[Provided records Boundary: Start]
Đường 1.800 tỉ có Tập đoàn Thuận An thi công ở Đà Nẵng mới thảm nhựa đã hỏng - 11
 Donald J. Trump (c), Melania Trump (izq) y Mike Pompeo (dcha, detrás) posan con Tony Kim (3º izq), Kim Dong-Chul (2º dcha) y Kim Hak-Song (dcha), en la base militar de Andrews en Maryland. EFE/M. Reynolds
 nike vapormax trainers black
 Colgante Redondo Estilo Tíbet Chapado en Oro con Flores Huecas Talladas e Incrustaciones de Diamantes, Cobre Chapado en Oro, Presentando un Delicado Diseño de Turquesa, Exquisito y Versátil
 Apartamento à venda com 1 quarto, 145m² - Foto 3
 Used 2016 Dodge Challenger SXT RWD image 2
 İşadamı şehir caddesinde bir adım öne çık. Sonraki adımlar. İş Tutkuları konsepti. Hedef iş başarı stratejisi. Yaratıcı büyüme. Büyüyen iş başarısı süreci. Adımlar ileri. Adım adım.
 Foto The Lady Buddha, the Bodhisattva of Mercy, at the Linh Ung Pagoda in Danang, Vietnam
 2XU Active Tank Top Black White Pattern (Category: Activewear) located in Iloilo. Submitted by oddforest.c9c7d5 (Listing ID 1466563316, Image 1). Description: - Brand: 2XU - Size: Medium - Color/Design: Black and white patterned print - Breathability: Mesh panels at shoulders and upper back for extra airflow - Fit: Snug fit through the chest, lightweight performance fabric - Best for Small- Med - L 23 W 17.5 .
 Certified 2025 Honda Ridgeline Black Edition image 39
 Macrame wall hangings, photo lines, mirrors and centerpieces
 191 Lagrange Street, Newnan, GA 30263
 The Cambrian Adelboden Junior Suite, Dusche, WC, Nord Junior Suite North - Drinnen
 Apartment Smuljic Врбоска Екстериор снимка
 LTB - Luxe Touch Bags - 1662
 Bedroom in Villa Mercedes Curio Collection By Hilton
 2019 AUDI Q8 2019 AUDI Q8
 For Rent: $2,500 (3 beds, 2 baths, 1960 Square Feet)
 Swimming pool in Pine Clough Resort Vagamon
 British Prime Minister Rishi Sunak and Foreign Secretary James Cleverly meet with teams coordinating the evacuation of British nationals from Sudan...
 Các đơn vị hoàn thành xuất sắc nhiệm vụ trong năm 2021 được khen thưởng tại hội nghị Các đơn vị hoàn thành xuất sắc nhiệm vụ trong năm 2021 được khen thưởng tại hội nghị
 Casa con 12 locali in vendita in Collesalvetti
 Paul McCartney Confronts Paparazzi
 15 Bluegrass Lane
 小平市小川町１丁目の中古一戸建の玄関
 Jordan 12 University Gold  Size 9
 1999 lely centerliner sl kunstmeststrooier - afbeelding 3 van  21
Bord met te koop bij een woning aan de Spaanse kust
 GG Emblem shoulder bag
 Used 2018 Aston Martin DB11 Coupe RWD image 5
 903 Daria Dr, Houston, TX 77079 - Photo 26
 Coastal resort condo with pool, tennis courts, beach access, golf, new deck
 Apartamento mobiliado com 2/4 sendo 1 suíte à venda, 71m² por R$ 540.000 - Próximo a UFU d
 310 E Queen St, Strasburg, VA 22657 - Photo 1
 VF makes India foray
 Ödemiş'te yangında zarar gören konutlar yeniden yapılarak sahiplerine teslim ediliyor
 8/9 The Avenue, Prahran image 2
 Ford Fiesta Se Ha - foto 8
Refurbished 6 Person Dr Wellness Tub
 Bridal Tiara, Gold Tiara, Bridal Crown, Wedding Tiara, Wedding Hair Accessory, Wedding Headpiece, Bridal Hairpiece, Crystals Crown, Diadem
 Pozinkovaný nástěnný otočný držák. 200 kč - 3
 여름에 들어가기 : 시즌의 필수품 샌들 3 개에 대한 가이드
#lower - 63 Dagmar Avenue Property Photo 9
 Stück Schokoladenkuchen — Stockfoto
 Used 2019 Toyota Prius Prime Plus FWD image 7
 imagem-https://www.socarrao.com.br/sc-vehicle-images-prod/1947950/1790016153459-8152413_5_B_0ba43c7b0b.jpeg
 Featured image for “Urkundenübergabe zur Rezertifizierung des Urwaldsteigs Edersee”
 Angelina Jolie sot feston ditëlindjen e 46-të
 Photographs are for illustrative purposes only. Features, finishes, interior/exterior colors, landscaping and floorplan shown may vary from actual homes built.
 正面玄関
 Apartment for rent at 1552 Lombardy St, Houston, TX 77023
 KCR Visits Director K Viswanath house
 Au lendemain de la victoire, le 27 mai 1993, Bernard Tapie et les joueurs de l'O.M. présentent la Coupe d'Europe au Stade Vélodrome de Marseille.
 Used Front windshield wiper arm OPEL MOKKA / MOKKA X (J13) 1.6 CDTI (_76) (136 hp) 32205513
[Provided records Boundary: End]
### Exercise description
Give the records again, exactly as they appear.

### Problem solution
Đường 1.800 tỉ có Tập đoàn Thuận An thi công ở Đà Nẵng mới thảm nhựa đã hỏng - 11
 Donald J. Trump (c), Melania Trump (izq) y Mike Pompeo (dcha, detrás) posan con Tony Kim (3º izq), Kim Dong-Chul (2º dcha) y Kim Hak-Song (dcha), en la base militar de Andrews en Maryland. EFE/M. Reynolds
 nike vapormax trainers black
 Colgante Redondo Estilo Tíbet Chapado en Oro con Flores Huecas Talladas e Incrustaciones de Diamantes, Cobre Chapado en Oro, Presentando un Delicado Diseño de Turquesa, Exquisito y Versátil
 Apartamento à venda com 1 quarto, 145m² - Foto 3
 Used 2016 Dodge Challenger SXT RWD image 2
 İşadamı şehir caddesinde bir adım öne çık. Sonraki adımlar. İş Tutkuları konsepti. Hedef iş başarı stratejisi. Yaratıcı büyüme. Büyüyen iş başarısı süreci. Adımlar ileri. Adım adım.
 Foto The Lady Buddha, the Bodhisattva of Mercy, at the Linh Ung Pagoda in Danang, Vietnam
 2XU Active Tank Top Black White Pattern (Category: Activewear) located in Iloilo. Submitted by oddforest.c9c7d5 (Listing ID 1466563316, Image 1). Description: - Brand: 2XU - Size: Medium - Color/Design: Black and white patterned print - Breathability: Mesh panels at shoulders and upper back for extra airflow - Fit: Snug fit through the chest, lightweight performance fabric - Best for Small- Med - L 23 W 17.5 .
 Certified 2025 Honda Ridgeline Black Edition image 39
 Macrame wall hangings, photo lines, mirrors and centerpieces
 191 Lagrange Street, Newnan, GA 30263
 The Cambrian Adelboden Junior Suite, Dusche, WC, Nord Junior Suite North - Drinnen
 Apartment Smuljic Врбоска Екстериор снимка
 LTB - Luxe Touch Bags - 1662
 Bedroom in Villa Mercedes Curio Collection By Hilton
 2019 AUDI Q8 2019 AUDI Q8
 For Rent: $2,500 (3 beds, 2 baths, 1960 Square Feet)
 Swimming pool in Pine Clough Resort Vagamon
 British Prime Minister Rishi Sunak and Foreign Secretary James Cleverly meet with teams coordinating the evacuation of British nationals from Sudan...
 Các đơn vị hoàn thành xuất sắc nhiệm vụ trong năm 2021 được khen thưởng tại hội nghị Các đơn vị hoàn thành xuất sắc nhiệm vụ trong năm 2021 được khen thưởng tại hội nghị
 Casa con 12 locali in vendita in Collesalvetti
 Paul McCartney Confronts Paparazzi
 15 Bluegrass Lane
 小平市小川町１丁目の中古一戸建の玄関
 Jordan 12 University Gold  Size 9
 1999 lely centerliner sl kunstmeststrooier - afbeelding 3 van  21
Bord met te koop bij een woning aan de Spaanse kust
 GG Emblem shoulder bag
 Used 2018 Aston Martin DB11 Coupe RWD image 5
 903 Daria Dr, Houston, TX 77079 - Photo 26
 Coastal resort condo with pool, tennis courts, beach access, golf, new deck
 Apartamento mobiliado com 2/4 sendo 1 suíte à venda, 71m² por R$ 540.000 - Próximo a UFU d
 310 E Queen St, Strasburg, VA 22657 - Photo 1
 VF makes India foray
 Ödemiş'te yangında zarar gören konutlar yeniden yapılarak sahiplerine teslim ediliyor
 8/9 The Avenue, Prahran image 2
 Ford Fiesta Se Ha - foto 8
Refurbished 6 Person Dr Wellness Tub
 Bridal Tiara, Gold Tiara, Bridal Crown, Wedding Tiara, Wedding Hair Accessory, Wedding Headpiece, Bridal Hairpiece, Crystals Crown, Diadem
 Pozinkovaný nástěnný otočný držák. 200 kč - 3
 여름에 들어가기 : 시즌의 필수품 샌들 3 개에 대한 가이드
#lower - 63 Dagmar Avenue Property Photo 9
 Stück Schokoladenkuchen — Stockfoto
 Used 2019 Toyota Prius Prime Plus FWD image 7
 imagem-https://www.socarrao.com.br/sc-vehicle-images-prod/1947950/1790016153459-8152413_5_B_0ba43c7b0b.jpeg
 Featured image for “Urkundenübergabe zur Rezertifizierung des Urwaldsteigs Edersee”
 Angelina Jolie sot feston ditëlindjen e 46-të
 Photographs are for illustrative purposes only. Features, finishes, interior/exterior colors, landscaping and floorplan shown may vary from actual homes built.
 正面玄関
 Apartment for rent at 1552 Lombardy St, Houston, TX 77023
 KCR Visits Director K Viswanath house
 Au lendemain de la victoire, le 27 mai 1993, Bernard Tapie et les joueurs de l'O.M. présentent la Coupe d'Europe au Stade Vélodrome de Marseille.
 Used Front windshield wiper arm OPEL MOKKA / MOKKA X (J13) 1.6 CDTI (_76) (136 hp) 32205513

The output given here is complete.